気候変動などで熱中症リスクが年々高まっている。国は事業所などに対策強化を求めるなど、危機意識が広がるなか、NHKの大河ドラマが夏のロケを「原則なし」とすることを決めたというニュースがあった。
これは来年放送予定の『豊臣兄弟!』でのことだが、大河ドラマというとダイナミックな屋外での撮影がつきもので、こういったシチュエーションでのチャンバラシーンを楽しみにしている人も多いだろう。
この措置の背景には、2つの事柄が起因していると私は見ている。
1.〝対政府〟的なNHKの配慮・・・前述したように、国を挙げての熱中対策強化をおこなうなか、国営放送ではないが、NHKとしては何らかの対策を講じているとアピールする必要がある。しかも、大河ドラマは目立つ。そのドラマで酷暑のなか堂々と屋外ロケをしているとなると、コンプライアンスだけでなくレピュテーションリスクも懸念されるだろう。
2.技術の向上・・・LEDの画面を組み合わせた「LEDウォール」に風景などのCGを映して、それを背景に役者が演じる「バーチャルプロダクション」の技術が進歩している。現在放送中の『べらぼう』もこの技術を使って撮影している。

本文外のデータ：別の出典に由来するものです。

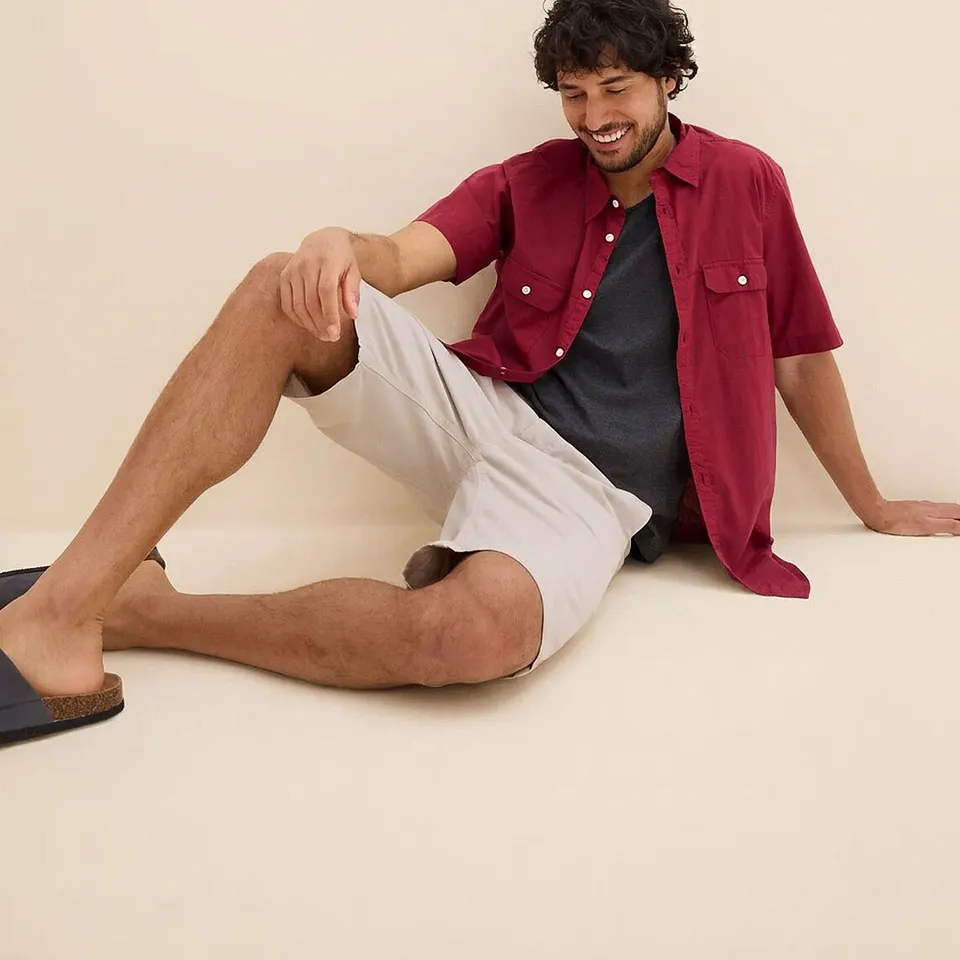 Camicia rossa a maniche corte con maglietta scura sotto, pantaloncini chiari e sandali comodi.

もちろん、熱中症からスタッフを守ることは大切だ。しかし、現実的にはなかなか今回のNHKのような思い切った施策をおこなうのは、まだ民放各局や制作プロダクションにとっては難しい。大河ドラマは桁違いの制作予算がある。それと同じ英断は、したくてもできない。それはひとえに「制作費の限界」という問題があるからである。NHKの大河ドラマは「局制作」であり、予算も局が握っている。「この部分に予算をかけよう」や「ここにはお金をかけられる」という判断ができる。しかし、制作プロダクションが局から予算配分をされて制作する場合には、好きなように予算を使えるわけではない。ケースバイケースで、そういった事情も変わってくるのである。
今後、局側の制作現場への理解が深まっていけば、現場の環境や働き方も変わってくる。それを期待したい。